Vijay Prashad - Tarihçi

Ahmedabad’ın kenar mahallelerinde sıcak bir gündü. Otobüs durağında bir grup kadın ve erkekle karşılaştım. İş bulmak için Hindistan’ın bir yerinden diğerine sürüklenen bir grup geçici işçi… Gucerat eyaletinde bulunan Ahmedabad’ın nüfusu 6 milyonu buluyor, bu sayının 1,5 milyonu göçmen. Hükümetin sağladığı resmi verilere göre, Hindistan’da 139 milyon iç göçmen var. Bu iyimser bir hesaplama.

Kırsal alandaki sıkıntılar bu erkek ve kadınları kente getirmiş. Burada hayatları inşaat, hafif imalat ve ev içi hizmet işlerine bağlı. Göçmenlerin pek çoğu, her gün iş bulmak için mücadele ediyor. İçlerinden biri; “Açlık” diyor, “kafamızın içindeki daimi ses.”

Eşitsizlik ve açlık
Gezegenin her köşesinde büyüyen ekonomik eşitsizliği görmezden gelmek imkânsız. Görgüsüzlük moda; yoksullar, geçimleri için dünyayı tırnaklarıyla kazırken, zenginler büyük miktarlarda varlık biriktiriyor. İngiltere merkezli yardım kuruluşu Oxfam’ın bu yıl yayınladığı veriye göre, sadece 42 zenginin serveti, tüm dünyadaki 3,7 milyon yoksulun toplam varlığına eşit.

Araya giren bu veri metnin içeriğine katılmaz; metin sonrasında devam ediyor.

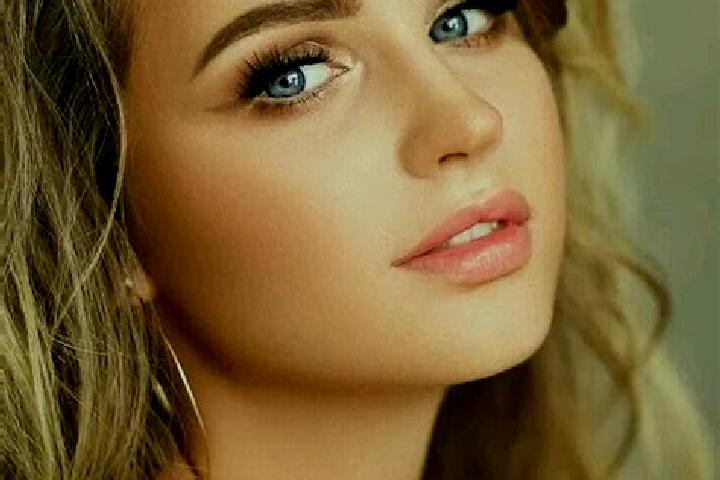 Jade, 30, a dark blonde blue-eyed indian companion based in Usisha. Offering Overnight, Prostate Massage, Duos, Erotic Massage, Party Girl. Available for inc...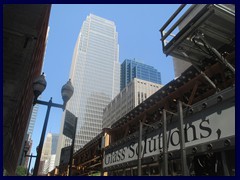 Loop trains 31 - Franklin Center, Chicago's 5th tallest building (307m, 60 floors, 1989)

2017’de, dünya halkları tarafından üretilen zenginliğin yüzde 82’si, en zengin yüzde 1’in banka hesaplarına gitti. Bu eskiden kalma bir sorun değil, kapitalizmin yapısından doğan güncel bir sorun: Ürünler ve hizmetler toplumsal şekilde üretilir, fakat kâra bireysel şekilde el koyulur. Ve bu kâra gittikçe daha az el değebilir. Daha az kavranan şey, artan eşitsizliğin sadece yoksulluğu değil, açlığı da şiddetlendirdiği.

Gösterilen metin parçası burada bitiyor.